3 Active listening / analysis (is often overlooked in practice) 

3.1 Concentration. When listening to a speech or news broadcast in the foreign language concentrate on “hearing out” every single word / syllable without allowing your attention to wander to, say, your plans for the weekend. 

It is difficult to concentrate as intensely as the interpreter does and requires some practice. It is all too easy to listen inattentively to a language when we understand it well. This exercise should help us balance that out. This is useful at an early stage in the course. 

3.2 Make summaries of speeches. How many ideas did a speech contain? Summarise in your own words, first very briefly and later in more detail.(p212 Gile).  In doing this you are training yourself to listen for message and meaning, the essence, rather than the individual words used. 

3.3 Analyse written texts – highlight keywords (ideas) and links between them. › Annex 1.2 + 1.3 “Note-taking”. 

3.4 Practice notetaking from articles, noting only the link words in the margin (or only link words plus one word per paragraph). Reproduce as speech. › Annex 1.2. › Annex 1.3. 

It is worth consulting with other students and teachers to see whether they agree with your choices as to the key/ link words. This will help develop your analytical skills as you are forced to justify your choices to others and they offer you their viewpoint.. 

3.5 One student prepares a short speech containing say 5 clear ideas – listeners agree to note only five words while listening to the speech and interpret on the basis of those notes. 

Students must listen and analyse in order to decide which 5 words best represent the core ideas of the speech. 

All reformulation exercises, to a greater or lesser extent, force the interpreter to analyse the text more carefully. See also Exercises for Simultaneous Interpretation – Reformulation.

3.7 When note-taking try to maximize the time-lag between hearing the original and noting anything. 

This exercise will allow and indeed enforce a more thorough analyse of the text. If we simply write what we hear when we hear it we are not “listening” in the analytical sense of the word. N.B. Staying along way behind the speaker is not a goal in itself, it merely facilitates, by stealth if you like, analysis of the original speech. 

3.8 One student reads part of a text or speech aloud and stops mid paragraph. The remaining students must offer possible conclusions to the passage in question. 

Only if one is paying attention to the message of the speech as a whole and not listening to the individual words will one be able to make an intelligent guess at what comes next.

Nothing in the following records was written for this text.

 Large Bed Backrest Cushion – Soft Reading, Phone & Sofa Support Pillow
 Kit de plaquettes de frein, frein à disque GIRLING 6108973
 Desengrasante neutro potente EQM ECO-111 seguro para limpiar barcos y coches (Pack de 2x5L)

3.9 Create structure diagrams of given texts, breaking the text of a speech down into its component structural parts, regardless of content. 

1. An analytical brealkdown of the speech might look like this… 

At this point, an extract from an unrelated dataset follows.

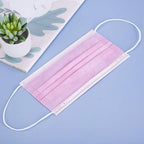 Borje Pink Disposable Face Mask 100 Pcs Pink Face Masks 3 Ply Protection Masks - Image 5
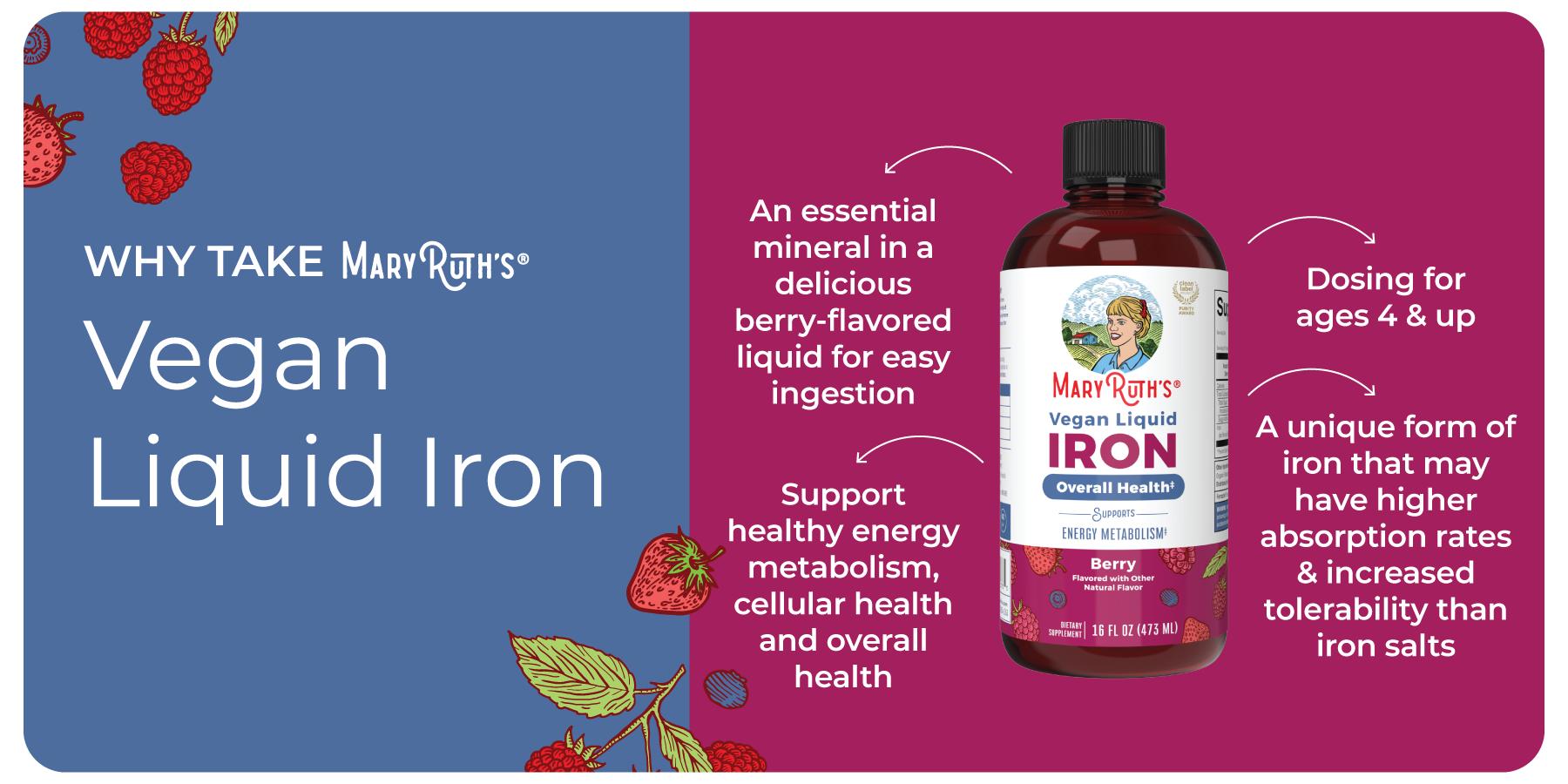 MaryRuth's Daily Health + Iron Bundle - Liquid Morning Multivitamin & Liquid Iron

Mr Speaker! Ladies and Gentlemen of the House! The subject of today’s debate, Poland’s integration with the European Union, should and will be the most important political topic of the next 12 and more months. This is clear from : the timetable for the current negociations; the urgent tasks of introducing and implementing legislation and of exploiting assistance funds, but above all from the setting of 1st January 2003 as the date for Poland’s entry into the European Union.
It has been almost six months since this House debated european integration in September. Since then there have been a number of significants events that may affect our path to the European Union, for example the Summit in Helsinki. Work was undertaken to adapt to the demands of union membership; negociations continued; discussions were held between the subsequent Presidencies of the Union, Finland and Portugal, the Foreign Minister and myself personally. We also sought to further our cause through diplomatic channels. It is time therefore that we in this House took stock of how far down road to the European Union we are and where we go from here as a continuation of the debate on Europe begun here in September, a debate on the return of Europe to Poland and Poland to Europe. 

What are we talking about?



Why? (list of 3)       





Events preceding this debate….. (list of 5)    









We conclude from this that we must….

3.10 On a word processor remove the paragraph divisions from a text. Read through the unbroken text and hit return twice every time you get to a logical break in the text. The sections of speech you now have should represent what you note one “section” of your notes (or in between the horizontal lines across your page if you use them). Note about 2 sections on a page. › Annex 4.2 

Practising the analysis of texts without the time pressure of interpreting isolates the activity interpreters complete as one of many and can help students to automize the task before the go into the booth. 

3.11 Listen to a speech without taking notes. When the speech has been completed, make some notes that will help in reproducing the speech. Reproduce the speech.[1] (Weber) 

By hearing the whole speech first and only then making notes we have a picture of the entire speech which we must analyse in order to make the most useful notes possible. Our notes are therefore much more likely to reflect structure and ideas than the individual words that we often get hung up on.

3.12 Have the speaker of speeches used in practice mumble a few words incomprehensibly at certain stages in the speech. On the basis of logical analysis and extension the listeners must fill in the gaps and offer plausible interpretations. (Van Dam) 

3.13 While listening to a speech take notes as per usual. At the end of the speech put your notes to one side and try to reproduce the speech from memory. 

The fact that this is difficult will demonstrate very clearly how much attention we devote to our notes when in fact we should be listiening to the speaker more carefully.Repeat, listening more carefully to the speaker. 

3.14 Read a text once through. Highlight the most important ideas (and only these) with a marker pen. Now cover the entire text and try to recreate it from memory. As a continuation of this exercise now sight translate the same part of the text. Finally sight translate a further as yet unread part of the text. (Kalina, 2000. p179) 

In the first part of this set of exercises Kalina offers a very interesting combination of analysis and memory skills. The continuation exercises are a useful and gradual progression towards fuller sight translation and therefore eventually interpreting.

3.15 Take a text or an Overhead Projection of a text with all but the first sentence covered. Uncover sections of the text (initially whole sentences then ever smaller segments) as sight translation is already underway. (Kalina, 2000. p180) 

Here we train our ability to anticipate and infer.